◆ **Source records**
□ □ □ □
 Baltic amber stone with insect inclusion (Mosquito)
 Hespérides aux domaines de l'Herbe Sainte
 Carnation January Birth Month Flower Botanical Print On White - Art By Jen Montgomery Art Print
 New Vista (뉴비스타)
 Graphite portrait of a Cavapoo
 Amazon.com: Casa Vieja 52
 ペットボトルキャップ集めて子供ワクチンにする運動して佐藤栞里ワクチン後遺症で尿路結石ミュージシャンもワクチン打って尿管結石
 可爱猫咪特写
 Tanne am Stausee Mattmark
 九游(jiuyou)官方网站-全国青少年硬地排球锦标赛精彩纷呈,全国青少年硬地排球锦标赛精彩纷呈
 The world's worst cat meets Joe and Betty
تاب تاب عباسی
□ □ □ □
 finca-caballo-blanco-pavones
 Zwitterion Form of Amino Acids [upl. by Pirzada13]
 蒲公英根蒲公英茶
□ □ □ □
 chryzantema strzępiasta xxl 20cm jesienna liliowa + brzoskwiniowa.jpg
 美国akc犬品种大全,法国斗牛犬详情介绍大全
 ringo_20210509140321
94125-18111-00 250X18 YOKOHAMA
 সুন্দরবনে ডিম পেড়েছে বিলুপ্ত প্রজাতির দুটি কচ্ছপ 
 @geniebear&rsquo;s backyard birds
□ □ □ □
◆ **Brief**
Scan the entries above for the line containing "Hespérides aux domaines de l'Herbe Sainte", and copy it and all lines after it exactly, down to and including the line containing "تاب تاب عباسی".

◆ **Result of this task**
 Hespérides aux domaines de l'Herbe Sainte
 Carnation January Birth Month Flower Botanical Print On White - Art By Jen Montgomery Art Print
 New Vista (뉴비스타)
 Graphite portrait of a Cavapoo
 Amazon.com: Casa Vieja 52
 ペットボトルキャップ集めて子供ワクチンにする運動して佐藤栞里ワクチン後遺症で尿路結石ミュージシャンもワクチン打って尿管結石
 可爱猫咪特写
 Tanne am Stausee Mattmark
 九游(jiuyou)官方网站-全国青少年硬地排球锦标赛精彩纷呈,全国青少年硬地排球锦标赛精彩纷呈
 The world's worst cat meets Joe and Betty
تاب تاب عباسی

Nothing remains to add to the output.